___ THE DATA

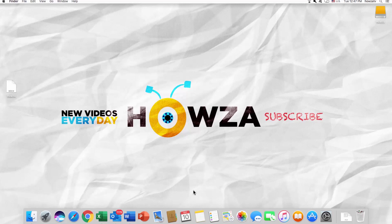Hey! Welcome to Howza Channel! In today's lesson, we will teach you how to type a square symbol in Word for Mac OS.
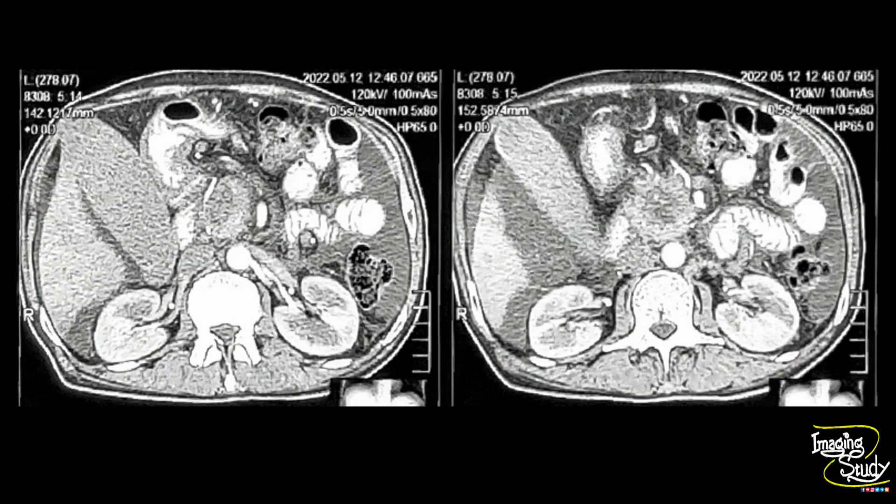Here is the CT image — poor quality — and you can see the heterogeneous lesion at the head of the pancreas.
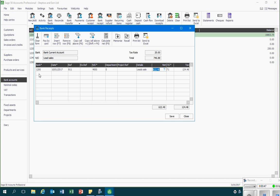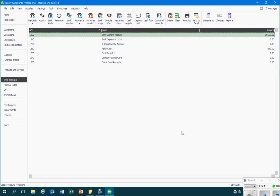I can then record any additional cash sales on the rows below and keep going until I've recorded all of my cash sales. Once I've done that I will click on save, and Sage has then updated its records for that particular cash sale. And that's how we record cash sales in Sage.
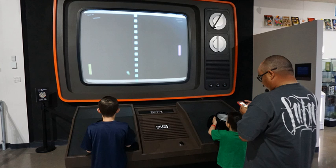A video game is an electronic game that involves interaction with a user interface to generate visual feedback on a two- or three-dimensional video display device such as a TV screen, virtual reality headset or computer monitor. Since the 1980s, video games have become an increasingly important part of the entertainment industry, and whether they are also a form of art is a matter of dispute.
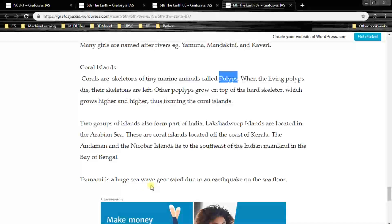Tsunami is a huge sea wave generated due to an earthquake on the seafloor. An earthquake within the sea generates a huge wave that can cause many disasters — that is called a tsunami. This is the end of the chapter. Thank you.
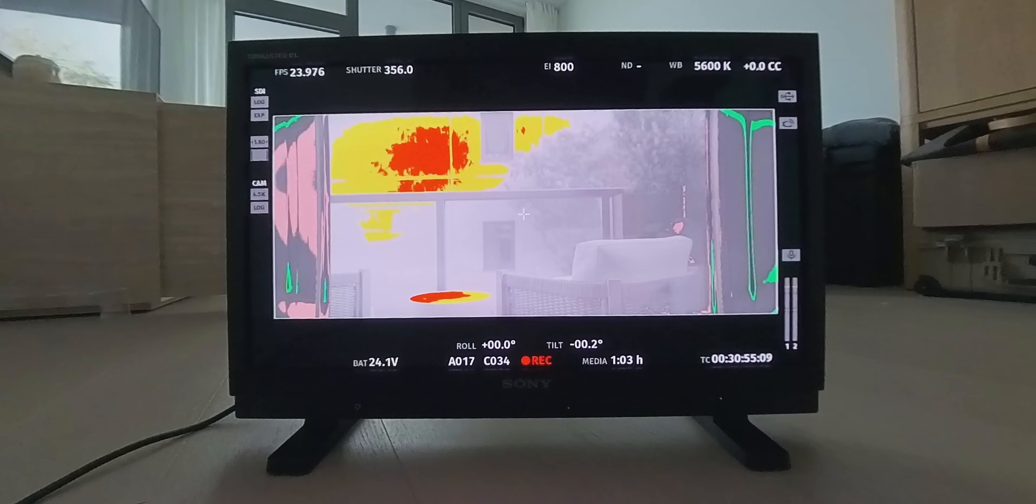False color can be used for three different things: not clipping your highlights, keeping your shadow detail, and keeping things consistent.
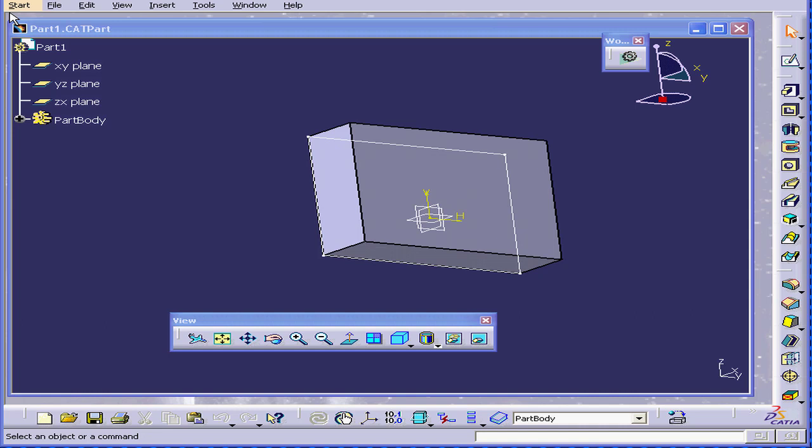Welcome to our workbench tutorial. The workbench is an environment with a specific set of tools designed to create and manipulate geometry.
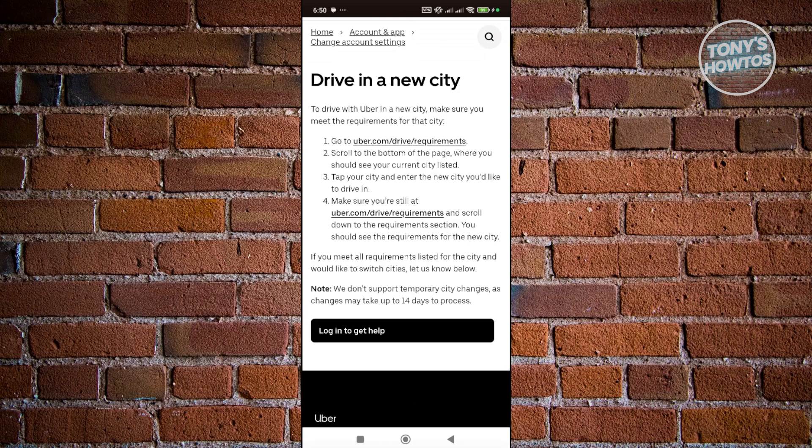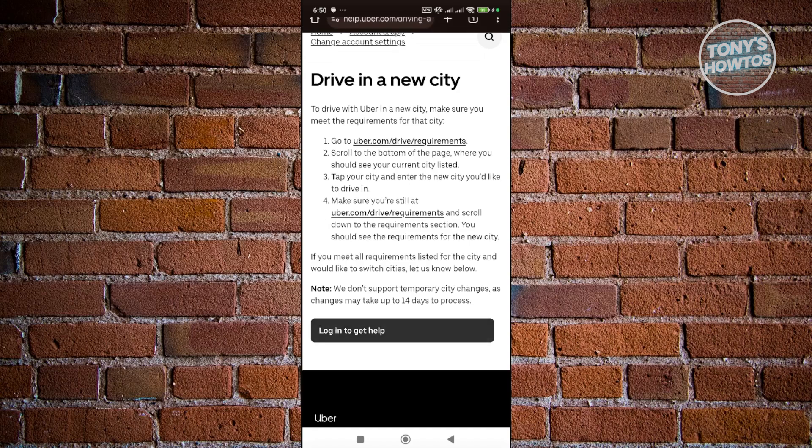But if you aren't able to do this yourself, you just need to click on log in to get help. From here you need to log in into your account. Let's click on continue with Google.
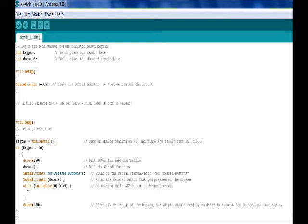Hopefully you're able to follow along with me. I know I'm not explaining it overly well, but what we really need to know is we've got our integer decoded, and that's going to hold data that comes back from our decode function. So let's add our decode function under the void setup area.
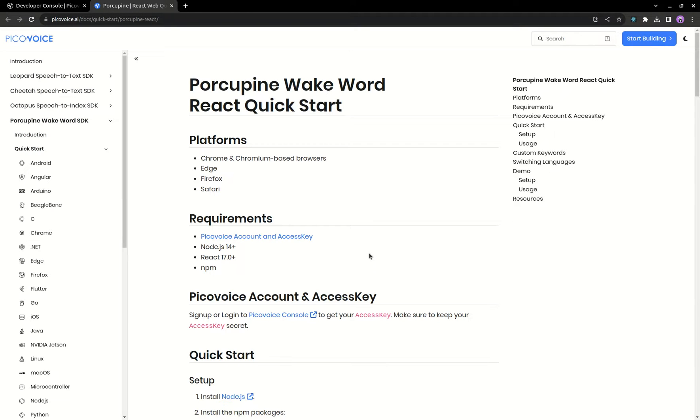And follow the instructions here on how to use this .ppn file in your code. You can also find the QuickStart guides for the other available SDKs all on this left sidebar.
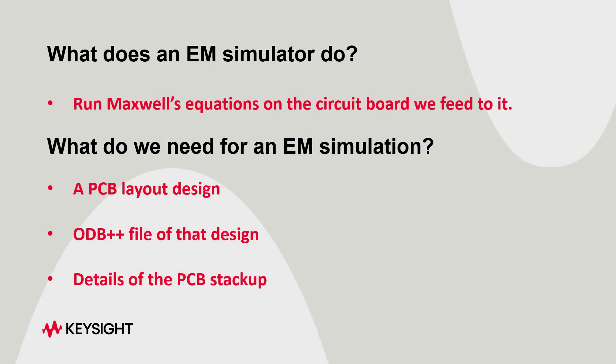Let's talk about setting up an EM simulation in ADS. What an EM simulation basically does is it runs Maxwell's equations on the circuit board we feed to it. The result we get from this is a complete schematic of the circuit that has all the parasitic components and EM artifacts in it. So, what do we need to set up an EM simulation?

______

Copy nothing but the lines above that run from the one with "I can then record" to the one with "But if you aren't", ends included; pictures stay out.

I can then record any additional cash sales on the rows below and keep going until I've recorded all of my cash sales. Once I've done that I will click on save, and Sage has then updated its records for that particular cash sale. And that's how we record cash sales in Sage.
A video game is an electronic game that involves interaction with a user interface to generate visual feedback on a two- or three-dimensional video display device such as a TV screen, virtual reality headset or computer monitor. Since the 1980s, video games have become an increasingly important part of the entertainment industry, and whether they are also a form of art is a matter of dispute.
Tsunami is a huge sea wave generated due to an earthquake on the seafloor. An earthquake within the sea generates a huge wave that can cause many disasters — that is called a tsunami. This is the end of the chapter. Thank you.
False color can be used for three different things: not clipping your highlights, keeping your shadow detail, and keeping things consistent.
Welcome to our workbench tutorial. The workbench is an environment with a specific set of tools designed to create and manipulate geometry.
But if you aren't able to do this yourself, you just need to click on log in to get help. From here you need to log in into your account. Let's click on continue with Google.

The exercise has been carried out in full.